Records to use =>

---

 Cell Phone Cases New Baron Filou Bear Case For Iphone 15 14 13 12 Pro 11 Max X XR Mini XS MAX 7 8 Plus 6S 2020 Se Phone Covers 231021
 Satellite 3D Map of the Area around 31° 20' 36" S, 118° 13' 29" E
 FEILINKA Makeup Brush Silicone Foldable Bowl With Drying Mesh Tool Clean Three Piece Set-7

---

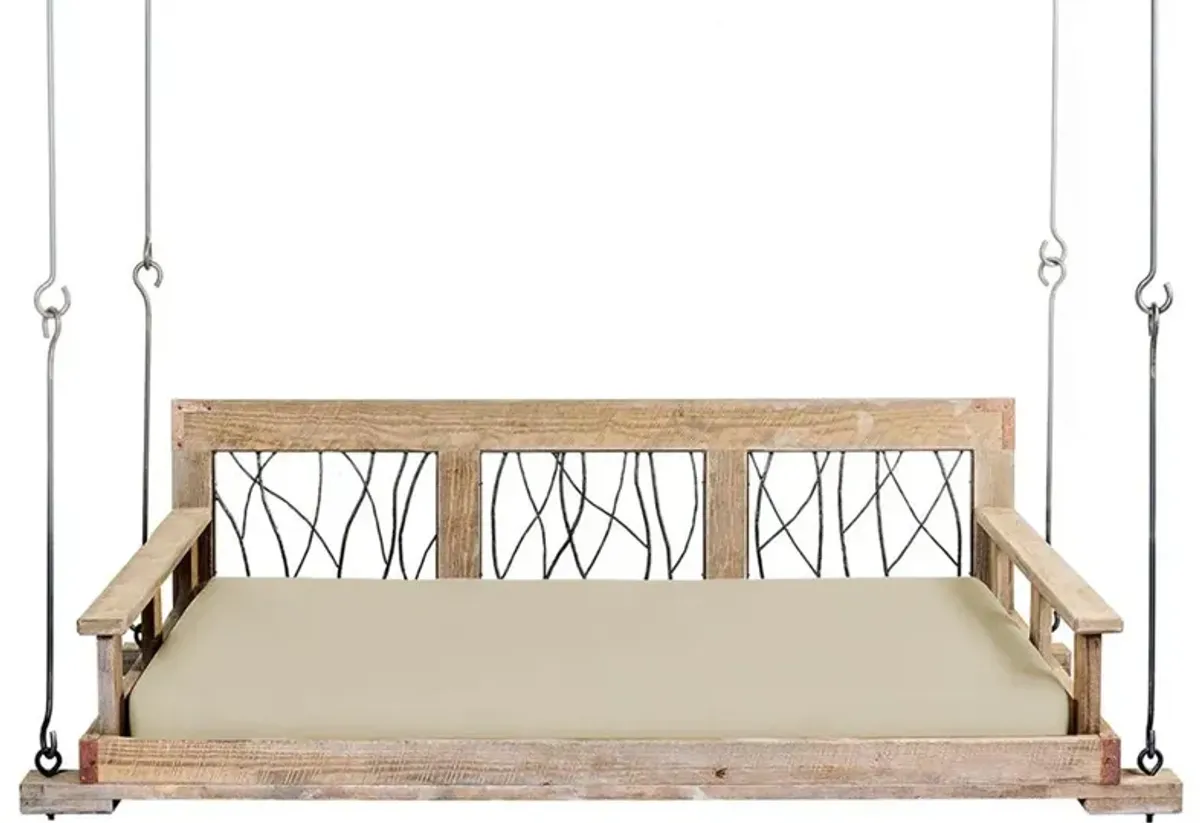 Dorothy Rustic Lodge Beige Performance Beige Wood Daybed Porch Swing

---

Your task => Print, without alteration, only the lines above between the one holding "Satellite 3D Map" and the one holding "FEILINKA Makeup Brush", inclusive.

Your response =>
 Satellite 3D Map of the Area around 31° 20' 36" S, 118° 13' 29" E
 FEILINKA Makeup Brush Silicone Foldable Bowl With Drying Mesh Tool Clean Three Piece Set-7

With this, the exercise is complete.